Alergias de pele podem reduzir risco de câncer, diz pesquisa

Atualizado: Sexta-feira, 15 Julho de 2011 as 10:15

As coceiras e irritações na pele causam incômodo, mas a boa notícia é que os cientistas descobriram que as alergias ajudam a prevenir o câncer de pele, cérebro e mama. As informações são do Daily Mail . Pesquisadores dinamarqueses concluíram que as pessoas que reagiram com irritações a coisas comuns, como perfume ou níquel, foram menos propensas a desenvolver a doença.

A equipe, liderada pelo Dr. Kaare Engkilde, da Copenhagen University Hospital, estudou um banco de dados de quase 17 mil adultos que fizeram os testes de alergia de contato entre 1984 e 2008. Eles descobriram que pouco mais de um em cada três, equivalente a cerca de 6 mil pessoas, testou positivo para pelo menos uma alergia de contato. A equipe, então, comparou esses resultados aos dados do Registo Oncológico da Dinamarca.

Os pesquisadores descobriram que existiam taxas significativamente menores de câncer de mama e de pele em ambos os sexos, entre aqueles com alergias de contato.
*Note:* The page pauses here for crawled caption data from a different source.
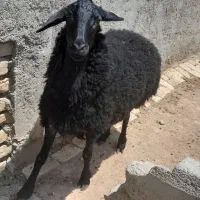 یک عدد بره ماده به فروش میرسد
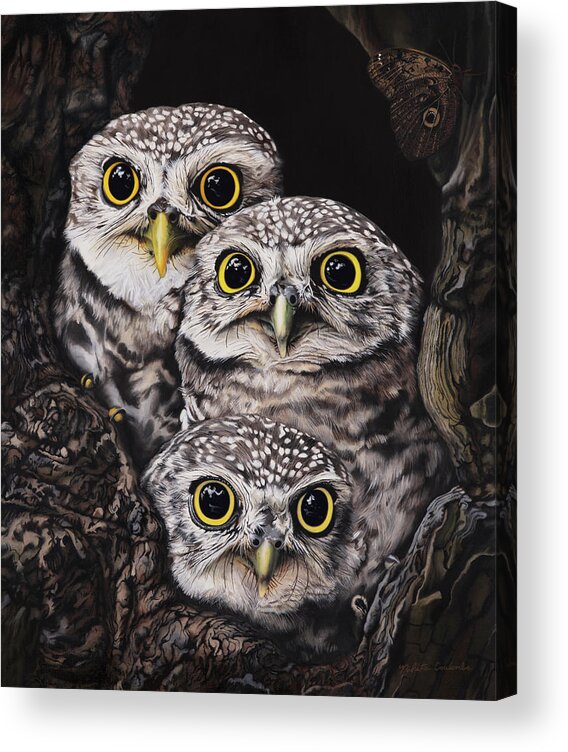 Nikita Coulombe Acrylic Print featuring the painting Three Little Owls by Nikita Coulombe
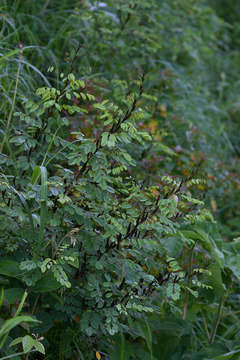 Image of African indigo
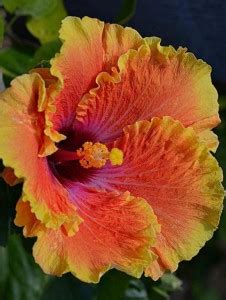 Planterce Green Hibiscus Plant Price in India - Buy Planterce Green ...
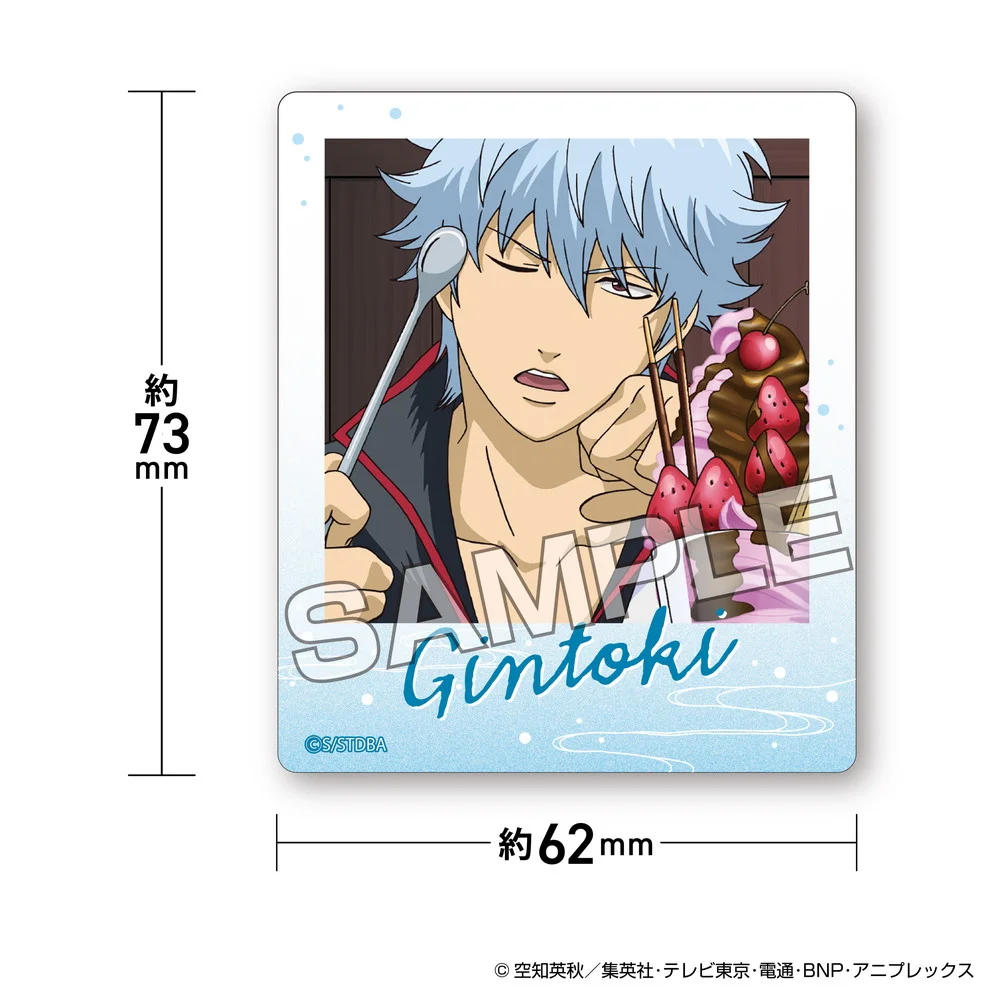 TVアニメ『銀魂』 インスタントフォトマグネットvol.2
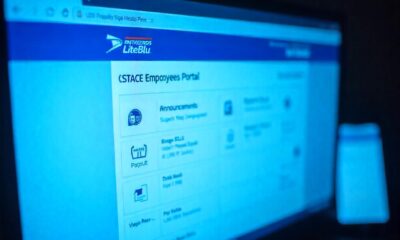 An overview of the USPS Liteblue portal interface for employees.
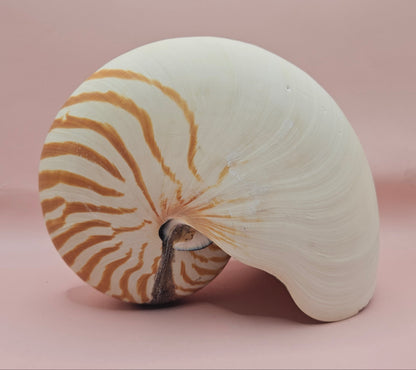 Tiger Nautilus Shell – Striking Natural Ocean Decor (8")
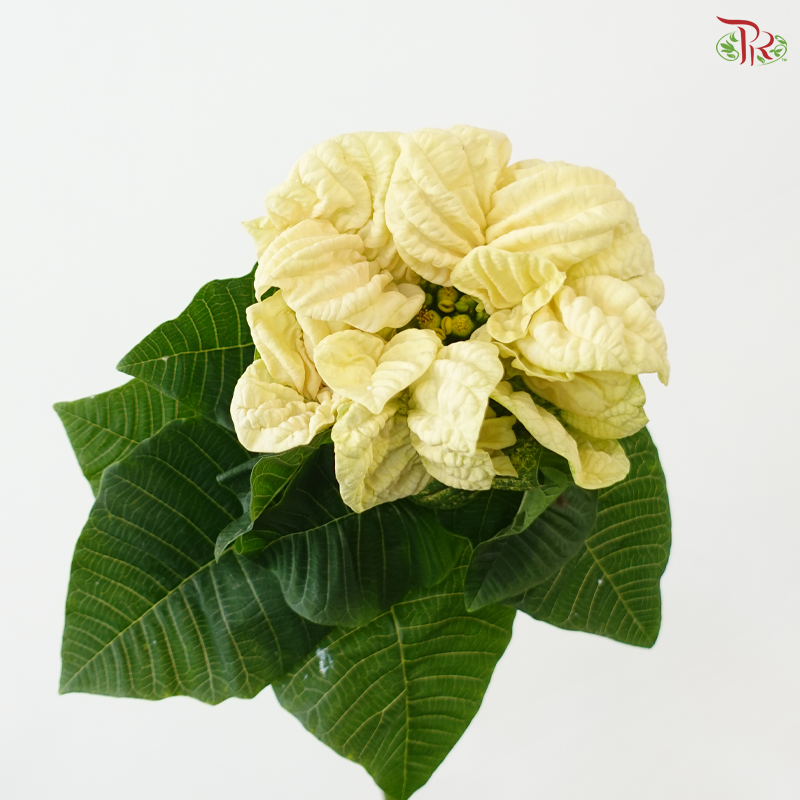 Euphorbia Pulcheerrima - Cream White (2 Stems)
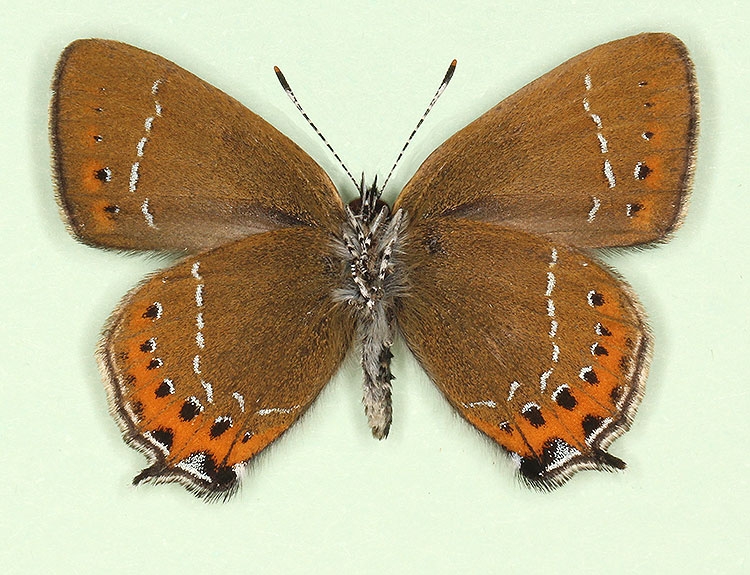 Typical Black Hairstreak (Satyrium pruni)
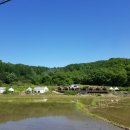 와이펜션 이미지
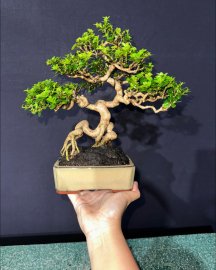 Sam hương quái già chát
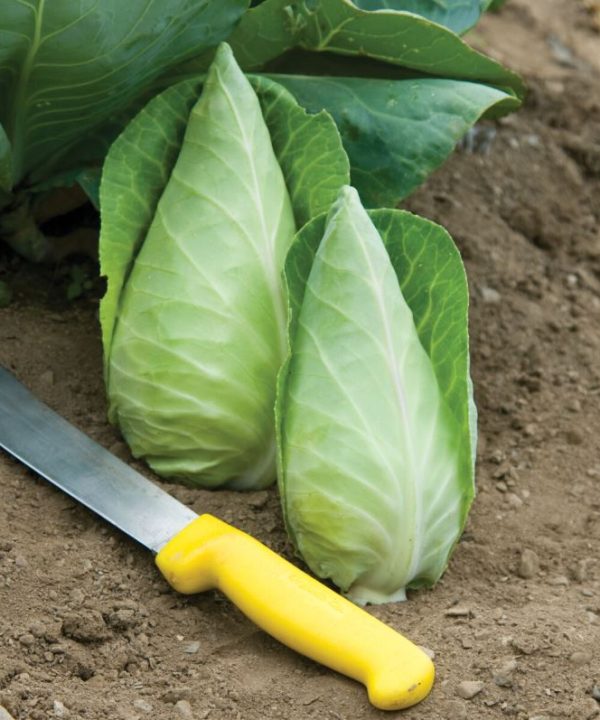 Caraflex - (F1) Cabbage Seed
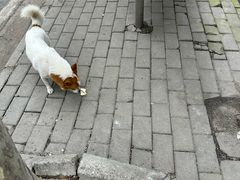 -袁大头包子(光华路店)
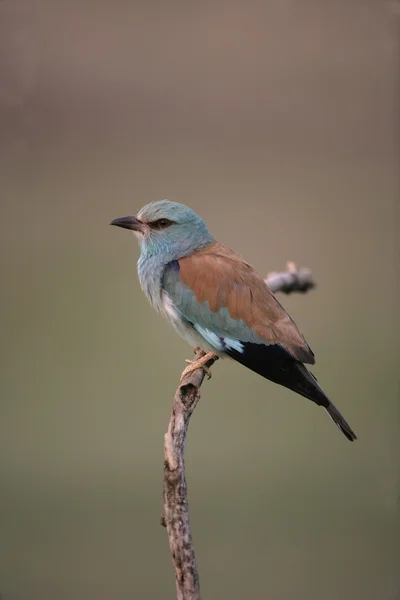 Rolo Europeu, Coracias garrulus , — Fotografia de Stock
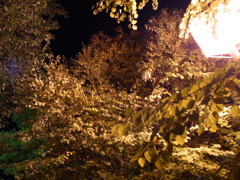 light up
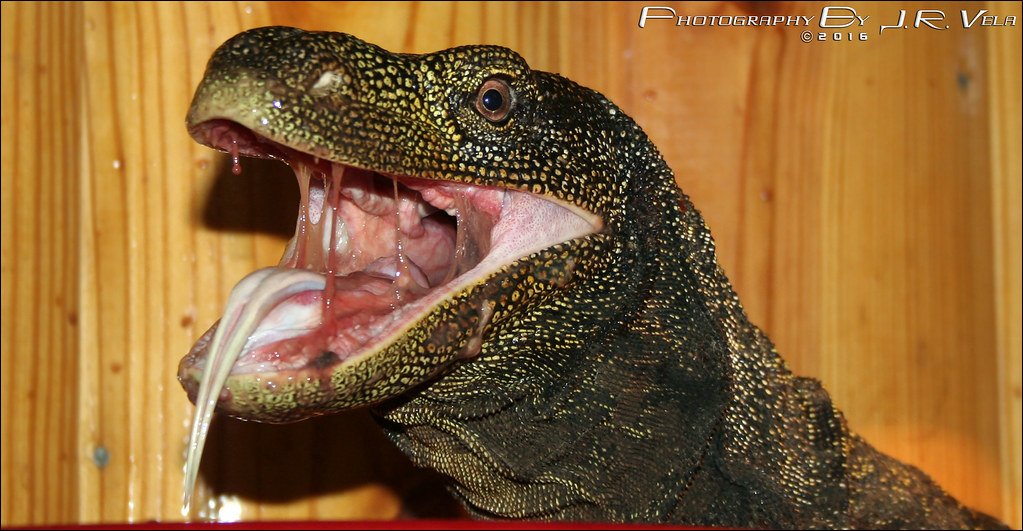 kiadatás pép Ragályos monitor lizard mouth sziréna Észlelni Turbina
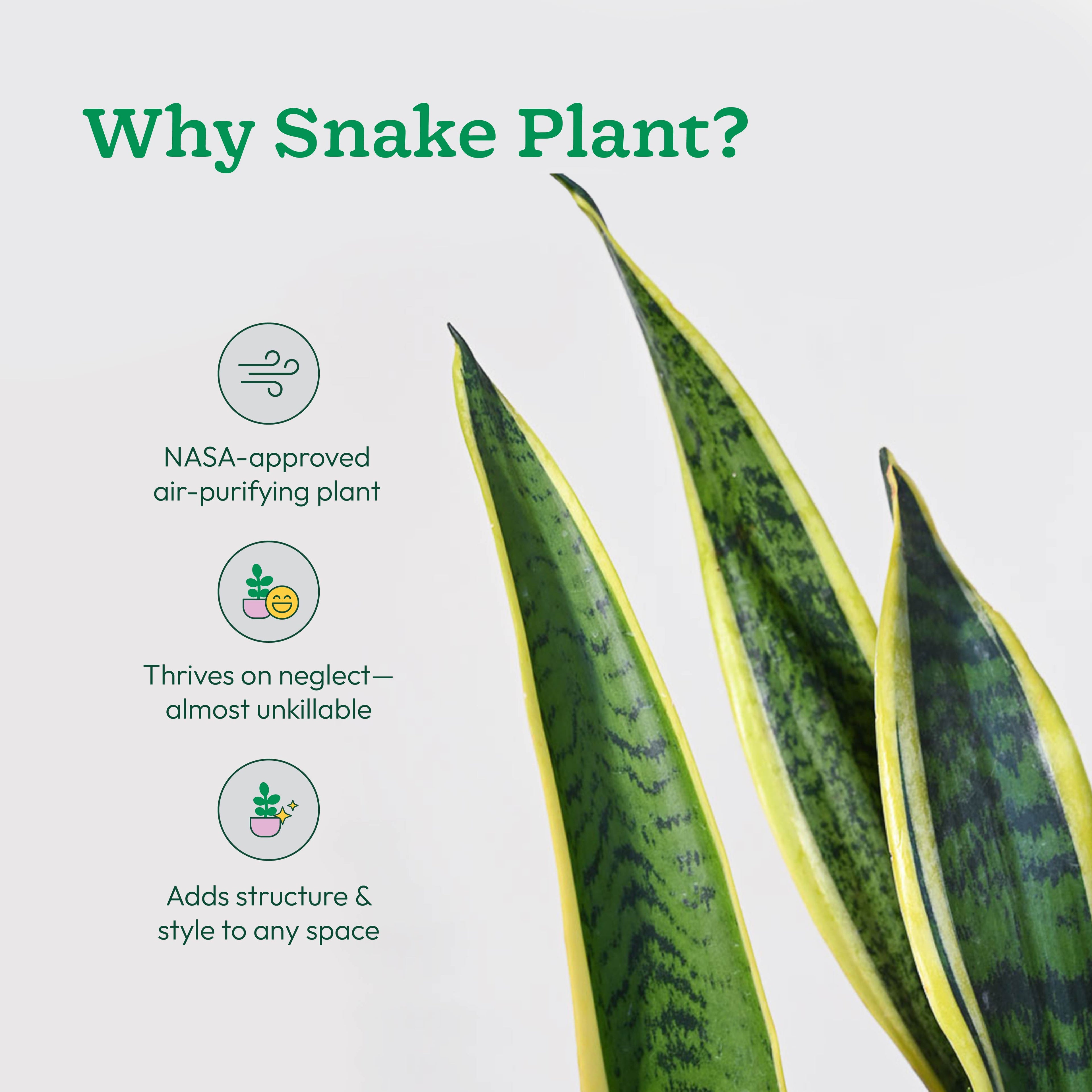 Sansevieria Laurentii Plant - XL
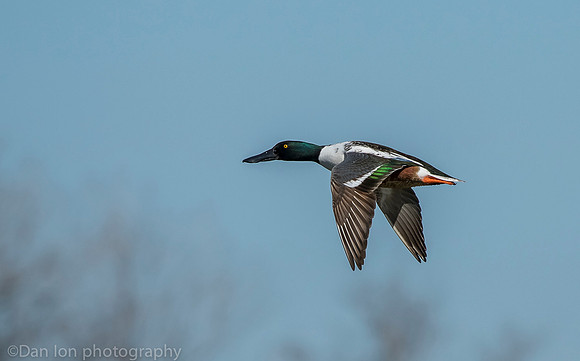 Northern shoveler in flight, Jamaica Bay NY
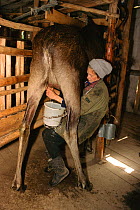 Woman milking Moose (Alces alces) at Sumarakova Moose Farm. Kostroma, Russia, 2002.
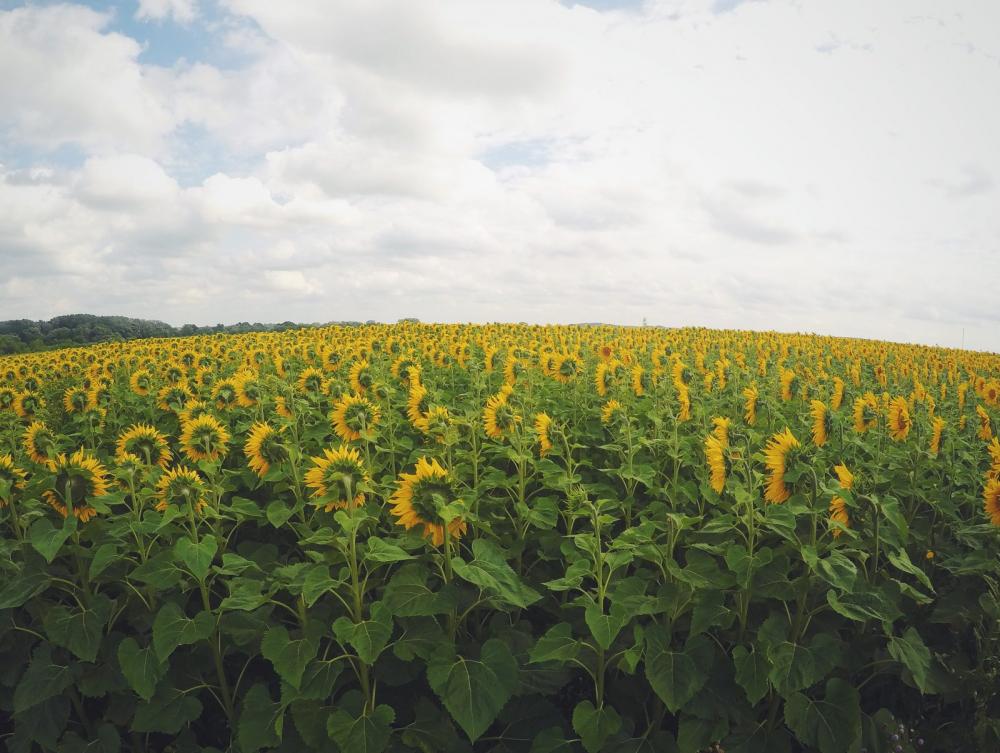 Sunflower Field Sunflower Field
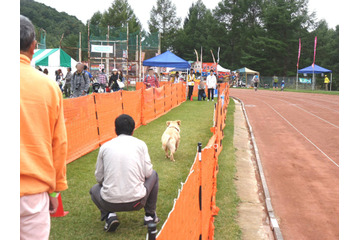 【八ヶ岳ドッグフェスタ　Vol.2】来場者が増加中！愛犬と楽しみ、犬について学んだ2日間 画像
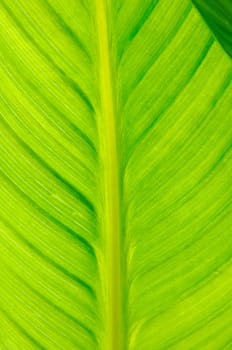Leaf Structures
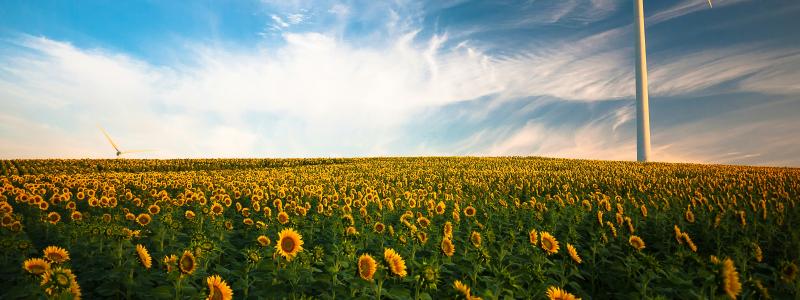 Vindkraft och solrosor.  Foto: Gustavo Quepóns / Unsplash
Os índices de câncer no cérebro também foram menores entre as mulheres. Estudos anteriores já haviam provado que pessoas com alergias ao pólen e ácaros estão mais protegidas contra a doença.

O resultado do estudo sustenta a hipótese da imunovigilância. A teoria afirma que as pessoas com alergias são menos propensas a desenvolver câncer, pois seus sistemas imunológicos são super sensível. "Talvez haja alguma função de proteção e, portanto, o sistema imunológico é o mais provável para lutar contra certas coisas, incluindo câncer," afirmou o Clifford Basset da NYU Langone School of Medicine à ABC News.

A análise também encontrou altas taxas de câncer de bexiga entre aqueles com alergias de contato. A constatação pode ser o resultado de maiores níveis de metabólitos químicos acumulados no sangue, segundo os pesquisadores. Porém, os autores do estudo afirmam que ainda é muito cedo para tirar conclusões definitivas sobre causa e efeito e mais pesquisas serão necessárias para ajustar outros fatores de risco, como classe social e tabagismo.